[tex](2x+1)^{\cot x}=\exp\left(\ln(2x+1)^{\cot x}\right)=\exp\left(\cot x\ln(2x+1)\right)=\exp\left(\dfrac{\ln(2x+1)}{\tan x}\right)[/tex]
where [tex]\exp(x)\equiv e^x[/tex].
By continuity of [tex]e^x[/tex], you have
[tex]\displaystyle\lim_{x\to0^+}\exp\left(\dfrac{\ln(2x+1)}{\tan x}\right)=\exp\left(\lim_{x\to0^+}\dfrac{\ln(2x+1)}{\tan x}\right)[/tex]
As [tex]x\to0^+[/tex] in the numerator, you approach [tex]\ln1=0[/tex]; in the denominator, you approach [tex]\tan0=0[/tex]. So you have an indeterminate form [tex]\dfrac00[/tex]. Provided the limit indeed exists, L'Hopital's rule can be used.
[tex]\displaystyle\exp\left(\lim_{x\to0^+}\dfrac{\ln(2x+1)}{\tan x}\right)=\exp\left(\lim_{x\to0^+}\dfrac{\frac2{2x+1}}{\sec^2x}\right)[/tex]

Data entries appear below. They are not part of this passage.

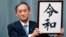 Japan’s Chief Cabinet Secretary Yoshihide Suga unveils the name of new era “Reiwa” at the prime minister’s office in Tokyo, Monday, April 1, 2019. 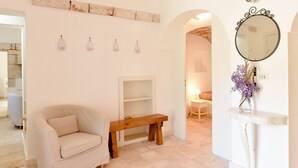 A room with a white armchair, a wooden bench, a mirror with a decorative frame, and a vase with purple flowers on a white console table. - Masseria Profilo 10 (Monopoli)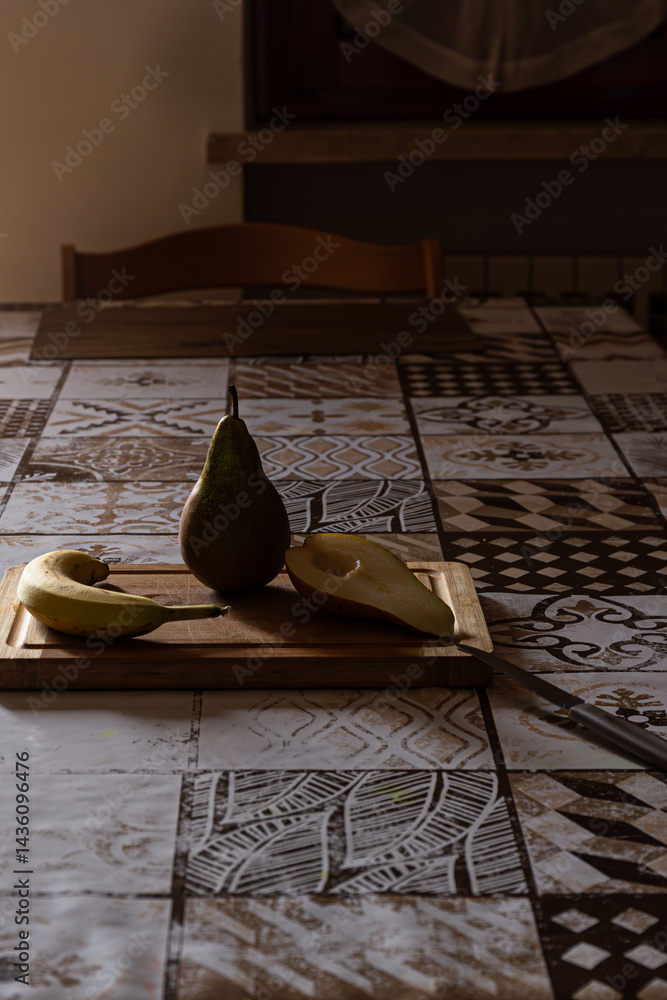 Preparing healthy fruit: Pear, banana, cut pear on wood board, knife ready. Dramatic lighting.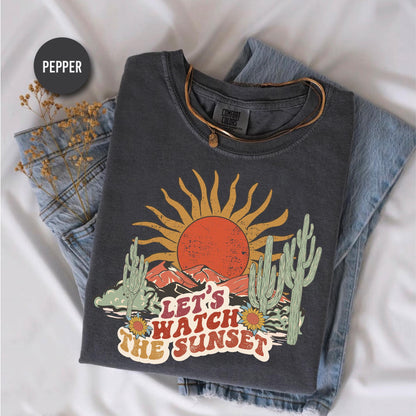 a t - shirt that says let's watch the sunset on it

Now the numerator approaches [tex]\dfrac21=2[/tex], while the denominator approaches [tex]\sec^20=1[/tex], suggesting the limit above is 2. This means
[tex]\displaystyle\lim_{x\to0^+}(2x+1)^{\cot x}=\exp(2)=e^2[/tex]